◆ YOUR TASK:
The records that follow must be transcribed in full, without any change.
***** EXERCISE INPUT
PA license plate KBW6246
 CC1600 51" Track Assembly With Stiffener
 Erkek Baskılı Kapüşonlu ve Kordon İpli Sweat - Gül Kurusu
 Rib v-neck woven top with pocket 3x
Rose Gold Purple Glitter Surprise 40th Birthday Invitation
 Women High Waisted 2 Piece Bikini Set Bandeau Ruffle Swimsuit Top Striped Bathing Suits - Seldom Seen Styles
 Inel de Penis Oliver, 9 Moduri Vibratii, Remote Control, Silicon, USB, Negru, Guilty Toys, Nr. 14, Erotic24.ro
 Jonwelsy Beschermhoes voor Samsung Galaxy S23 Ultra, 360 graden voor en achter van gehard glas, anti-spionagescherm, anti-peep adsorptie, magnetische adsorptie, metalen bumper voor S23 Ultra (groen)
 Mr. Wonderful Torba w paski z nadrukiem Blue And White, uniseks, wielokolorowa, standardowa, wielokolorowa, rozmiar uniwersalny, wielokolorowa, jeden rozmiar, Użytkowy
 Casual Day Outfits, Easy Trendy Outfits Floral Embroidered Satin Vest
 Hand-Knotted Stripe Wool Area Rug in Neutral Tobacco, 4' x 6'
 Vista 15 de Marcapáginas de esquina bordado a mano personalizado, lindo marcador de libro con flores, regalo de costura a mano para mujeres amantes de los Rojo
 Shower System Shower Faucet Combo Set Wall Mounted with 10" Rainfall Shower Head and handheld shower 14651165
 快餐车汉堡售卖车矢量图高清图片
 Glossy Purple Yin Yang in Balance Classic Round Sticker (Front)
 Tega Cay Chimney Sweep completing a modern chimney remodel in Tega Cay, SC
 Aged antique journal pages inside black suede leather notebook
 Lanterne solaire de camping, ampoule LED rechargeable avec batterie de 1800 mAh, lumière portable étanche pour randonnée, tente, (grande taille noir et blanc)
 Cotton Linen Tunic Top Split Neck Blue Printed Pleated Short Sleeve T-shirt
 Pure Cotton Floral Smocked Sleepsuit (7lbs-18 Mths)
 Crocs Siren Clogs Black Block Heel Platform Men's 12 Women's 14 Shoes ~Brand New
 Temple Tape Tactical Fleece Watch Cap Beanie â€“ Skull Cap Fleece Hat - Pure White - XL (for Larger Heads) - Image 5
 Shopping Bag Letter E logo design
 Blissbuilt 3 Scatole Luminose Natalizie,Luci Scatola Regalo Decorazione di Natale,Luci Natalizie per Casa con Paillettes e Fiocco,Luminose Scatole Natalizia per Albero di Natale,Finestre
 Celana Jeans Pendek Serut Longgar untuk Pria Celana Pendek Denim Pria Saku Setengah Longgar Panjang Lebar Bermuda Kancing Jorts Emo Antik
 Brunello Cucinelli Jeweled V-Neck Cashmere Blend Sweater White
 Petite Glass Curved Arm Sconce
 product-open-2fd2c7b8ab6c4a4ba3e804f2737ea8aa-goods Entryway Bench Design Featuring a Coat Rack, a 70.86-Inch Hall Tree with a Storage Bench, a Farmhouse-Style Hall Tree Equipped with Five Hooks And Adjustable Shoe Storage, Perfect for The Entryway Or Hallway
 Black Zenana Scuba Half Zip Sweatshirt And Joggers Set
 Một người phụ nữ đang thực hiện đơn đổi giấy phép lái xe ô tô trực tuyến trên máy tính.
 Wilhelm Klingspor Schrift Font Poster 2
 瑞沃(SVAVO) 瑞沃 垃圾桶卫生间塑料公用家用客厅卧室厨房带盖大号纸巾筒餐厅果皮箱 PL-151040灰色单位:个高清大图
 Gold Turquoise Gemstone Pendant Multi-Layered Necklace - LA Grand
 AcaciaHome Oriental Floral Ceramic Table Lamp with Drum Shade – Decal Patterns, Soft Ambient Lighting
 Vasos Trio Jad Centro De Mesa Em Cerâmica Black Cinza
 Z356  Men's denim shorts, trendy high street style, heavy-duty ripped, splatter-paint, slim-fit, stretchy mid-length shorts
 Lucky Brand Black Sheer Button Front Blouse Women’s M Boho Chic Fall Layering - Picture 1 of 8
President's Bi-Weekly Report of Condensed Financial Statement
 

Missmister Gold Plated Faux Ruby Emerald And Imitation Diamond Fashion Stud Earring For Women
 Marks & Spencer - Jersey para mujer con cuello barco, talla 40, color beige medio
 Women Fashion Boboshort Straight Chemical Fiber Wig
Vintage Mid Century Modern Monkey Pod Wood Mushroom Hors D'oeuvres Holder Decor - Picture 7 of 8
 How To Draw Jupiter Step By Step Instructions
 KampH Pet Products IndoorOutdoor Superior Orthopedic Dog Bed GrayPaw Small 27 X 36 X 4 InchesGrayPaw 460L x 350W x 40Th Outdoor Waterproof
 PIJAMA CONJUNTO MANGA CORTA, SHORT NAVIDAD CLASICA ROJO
**********
◆ WRITTEN ANSWER:
PA license plate KBW6246
 CC1600 51" Track Assembly With Stiffener
 Erkek Baskılı Kapüşonlu ve Kordon İpli Sweat - Gül Kurusu
 Rib v-neck woven top with pocket 3x
Rose Gold Purple Glitter Surprise 40th Birthday Invitation
 Women High Waisted 2 Piece Bikini Set Bandeau Ruffle Swimsuit Top Striped Bathing Suits - Seldom Seen Styles
 Inel de Penis Oliver, 9 Moduri Vibratii, Remote Control, Silicon, USB, Negru, Guilty Toys, Nr. 14, Erotic24.ro
 Jonwelsy Beschermhoes voor Samsung Galaxy S23 Ultra, 360 graden voor en achter van gehard glas, anti-spionagescherm, anti-peep adsorptie, magnetische adsorptie, metalen bumper voor S23 Ultra (groen)
 Mr. Wonderful Torba w paski z nadrukiem Blue And White, uniseks, wielokolorowa, standardowa, wielokolorowa, rozmiar uniwersalny, wielokolorowa, jeden rozmiar, Użytkowy
 Casual Day Outfits, Easy Trendy Outfits Floral Embroidered Satin Vest
 Hand-Knotted Stripe Wool Area Rug in Neutral Tobacco, 4' x 6'
 Vista 15 de Marcapáginas de esquina bordado a mano personalizado, lindo marcador de libro con flores, regalo de costura a mano para mujeres amantes de los Rojo
 Shower System Shower Faucet Combo Set Wall Mounted with 10" Rainfall Shower Head and handheld shower 14651165
 快餐车汉堡售卖车矢量图高清图片
 Glossy Purple Yin Yang in Balance Classic Round Sticker (Front)
 Tega Cay Chimney Sweep completing a modern chimney remodel in Tega Cay, SC
 Aged antique journal pages inside black suede leather notebook
 Lanterne solaire de camping, ampoule LED rechargeable avec batterie de 1800 mAh, lumière portable étanche pour randonnée, tente, (grande taille noir et blanc)
 Cotton Linen Tunic Top Split Neck Blue Printed Pleated Short Sleeve T-shirt
 Pure Cotton Floral Smocked Sleepsuit (7lbs-18 Mths)
 Crocs Siren Clogs Black Block Heel Platform Men's 12 Women's 14 Shoes ~Brand New
 Temple Tape Tactical Fleece Watch Cap Beanie â€“ Skull Cap Fleece Hat - Pure White - XL (for Larger Heads) - Image 5
 Shopping Bag Letter E logo design
 Blissbuilt 3 Scatole Luminose Natalizie,Luci Scatola Regalo Decorazione di Natale,Luci Natalizie per Casa con Paillettes e Fiocco,Luminose Scatole Natalizia per Albero di Natale,Finestre
 Celana Jeans Pendek Serut Longgar untuk Pria Celana Pendek Denim Pria Saku Setengah Longgar Panjang Lebar Bermuda Kancing Jorts Emo Antik
 Brunello Cucinelli Jeweled V-Neck Cashmere Blend Sweater White
 Petite Glass Curved Arm Sconce
 product-open-2fd2c7b8ab6c4a4ba3e804f2737ea8aa-goods Entryway Bench Design Featuring a Coat Rack, a 70.86-Inch Hall Tree with a Storage Bench, a Farmhouse-Style Hall Tree Equipped with Five Hooks And Adjustable Shoe Storage, Perfect for The Entryway Or Hallway
 Black Zenana Scuba Half Zip Sweatshirt And Joggers Set
 Một người phụ nữ đang thực hiện đơn đổi giấy phép lái xe ô tô trực tuyến trên máy tính.
 Wilhelm Klingspor Schrift Font Poster 2
 瑞沃(SVAVO) 瑞沃 垃圾桶卫生间塑料公用家用客厅卧室厨房带盖大号纸巾筒餐厅果皮箱 PL-151040灰色单位:个高清大图
 Gold Turquoise Gemstone Pendant Multi-Layered Necklace - LA Grand
 AcaciaHome Oriental Floral Ceramic Table Lamp with Drum Shade – Decal Patterns, Soft Ambient Lighting
 Vasos Trio Jad Centro De Mesa Em Cerâmica Black Cinza
 Z356  Men's denim shorts, trendy high street style, heavy-duty ripped, splatter-paint, slim-fit, stretchy mid-length shorts
 Lucky Brand Black Sheer Button Front Blouse Women’s M Boho Chic Fall Layering - Picture 1 of 8
President's Bi-Weekly Report of Condensed Financial Statement
 

Missmister Gold Plated Faux Ruby Emerald And Imitation Diamond Fashion Stud Earring For Women
 Marks & Spencer - Jersey para mujer con cuello barco, talla 40, color beige medio
 Women Fashion Boboshort Straight Chemical Fiber Wig
Vintage Mid Century Modern Monkey Pod Wood Mushroom Hors D'oeuvres Holder Decor - Picture 7 of 8
 How To Draw Jupiter Step By Step Instructions
 KampH Pet Products IndoorOutdoor Superior Orthopedic Dog Bed GrayPaw Small 27 X 36 X 4 InchesGrayPaw 460L x 350W x 40Th Outdoor Waterproof
 PIJAMA CONJUNTO MANGA CORTA, SHORT NAVIDAD CLASICA ROJO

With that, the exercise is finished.